CI Tests workflow has been red on main for 40+ consecutive runs. This
commit recovers every failure visible in run 25130722163 (most recent
completed run prior to this PR).
Root causes, by group:
Test-mock drift after product landed (fix: update mocks)
- test_mcp_structured_content / test_mcp_dynamic_discovery (6 tests):
product added _rpc_lock (#02ae15222) and _schedule_tools_refresh
(#1350d12b0) without updating sibling test files. Install a real
asyncio.Lock inside the fake run-loop and patch at _schedule_tools_refresh.

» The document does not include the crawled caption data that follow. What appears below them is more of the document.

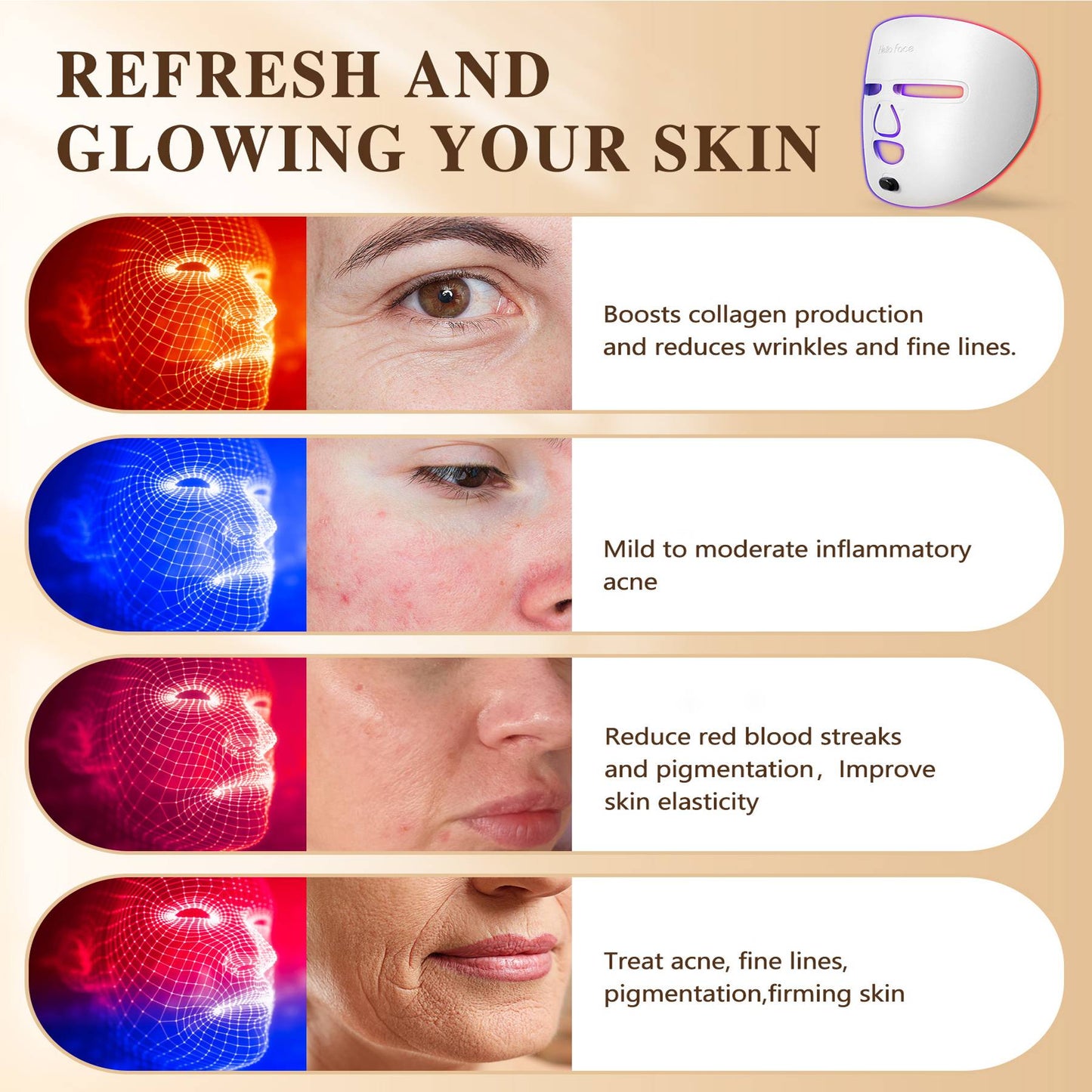 𝗟𝗘𝗗 𝗙𝗮𝗰𝗲 𝗠𝗮𝘀𝗸 𝗳𝗼𝗿 𝗥𝗲𝗱 𝗟𝗶𝗴𝗵𝘁 𝗧𝗵𝗲𝗿𝗮𝗽𝘆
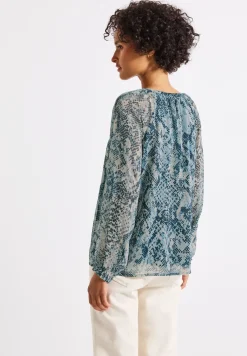 Chiffon Snake Print Bluse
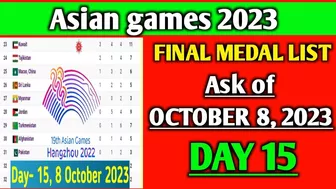 Asian Games Final Medal Tally for Oct 08,2023 (Day 15)|asian Games 2023 medal Tally|India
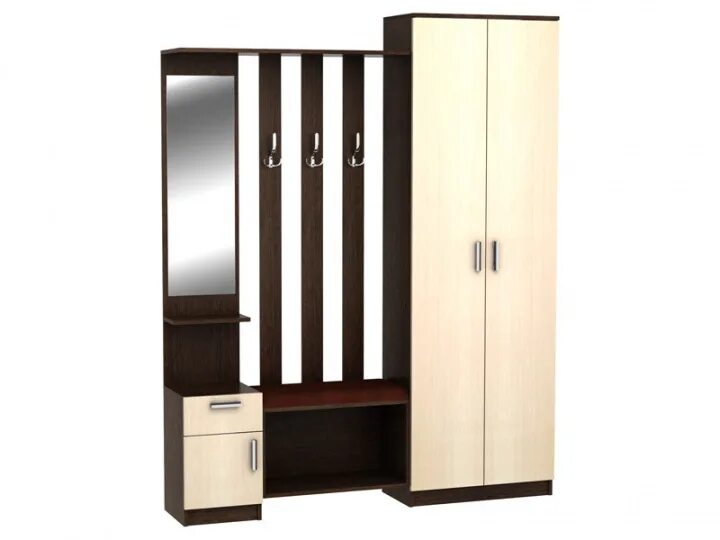 прихожая «большая» №2, орех. шкаф купе гретта к-2/58. шкаф-купе в прихожую. практичная прихожая. шкаф в прихожую.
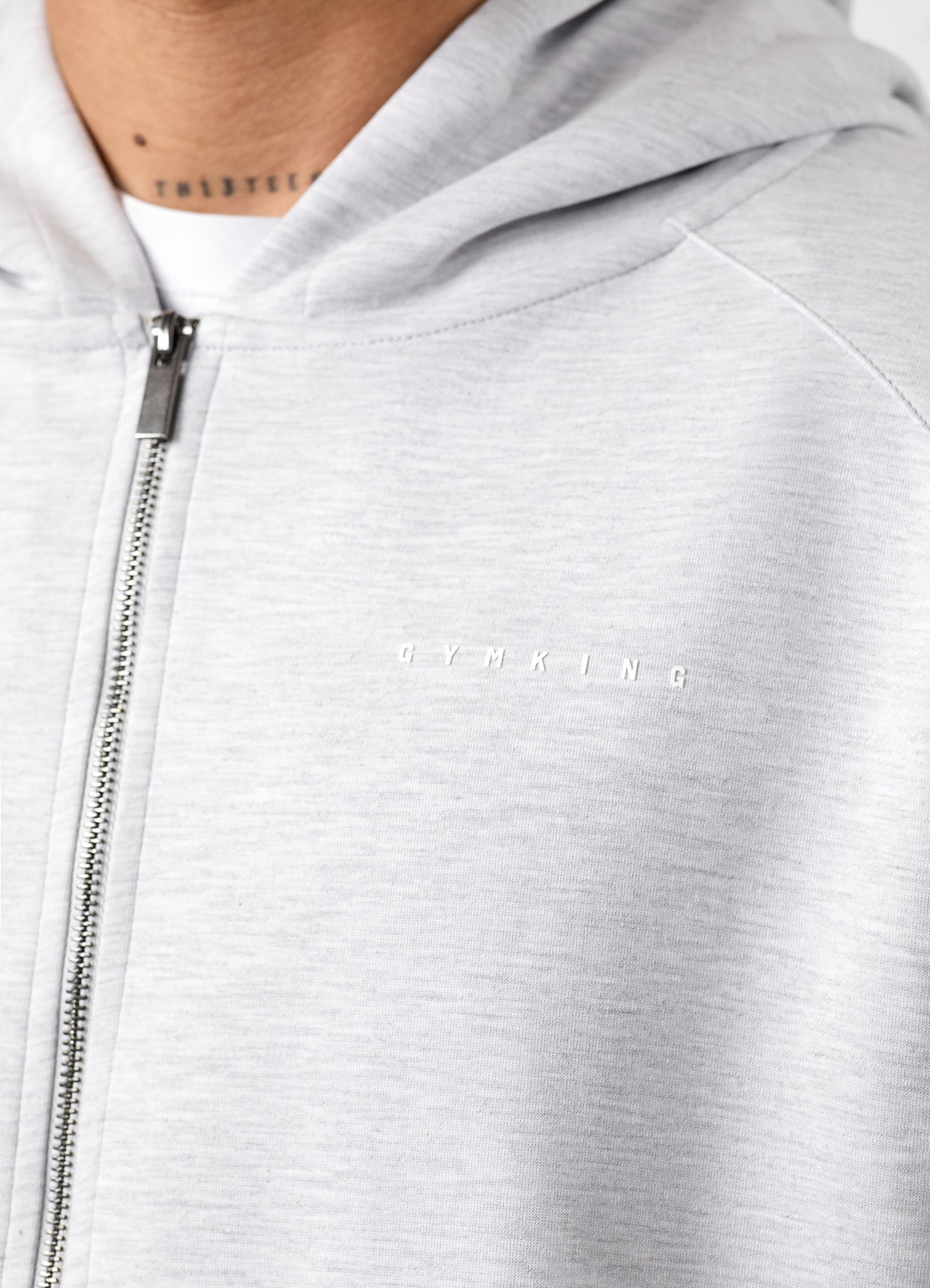 Gym King Linear Travel Full Zip Hoodie - Snow Marl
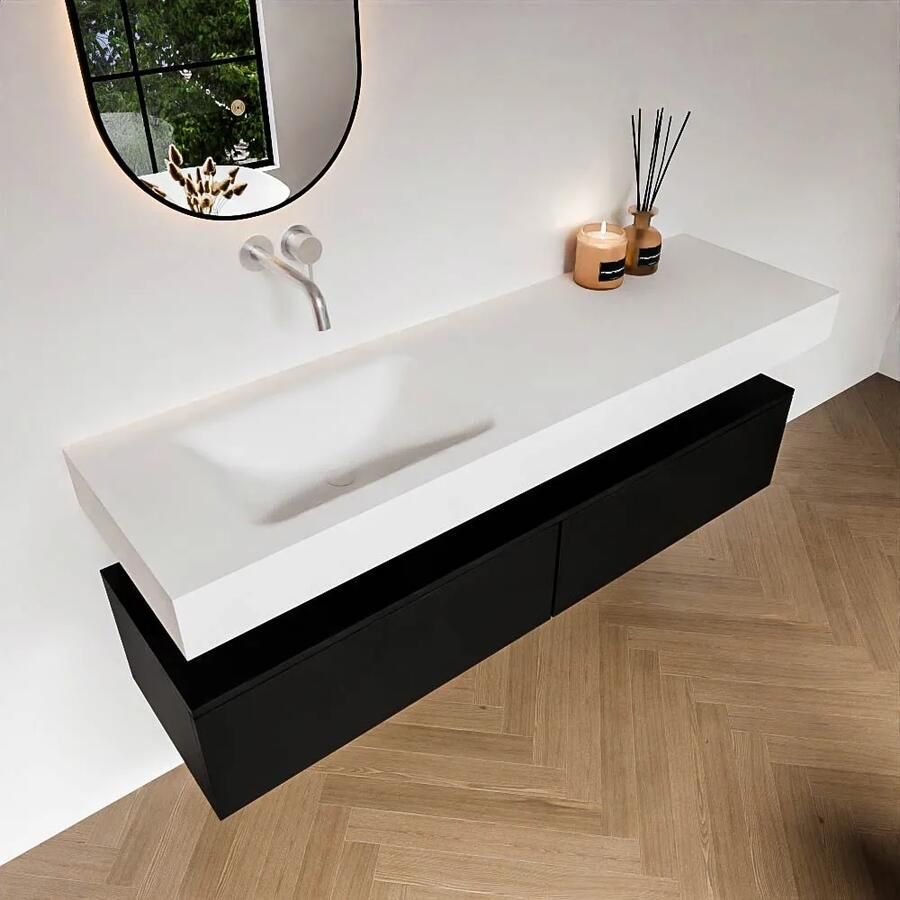 Zaro Alan badmeubel 160cm urban 2 lades met vrijhangende wastafel cloud links zonder kraangat talc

- test_session.py: renamed normalize_whatsapp_identifier → canonical_
whatsapp_identifier upstream; keep a local alias so the legacy tests
keep working.
- test_run_progress_topics Slack DM test: PR #8006 made Slack default
tool_progress=off; explicitly set it to 'all' in the test fixture so
the progress-callback path still runs. Also read tool_progress_callback
at call time rather than freezing it in FakeAgent.__init__ — production
assigns it AFTER construction.
- test_tui_gateway_server session-create/close race: session.create now
defers _start_agent_build behind a 50ms timer — wait for the build
thread to enter _make_agent before closing, otherwise the orphan-
cleanup path never runs.
- test_protocol session.resume: product get_messages_as_conversation now
takes include_ancestors kwarg; accept **_kwargs in the test stub.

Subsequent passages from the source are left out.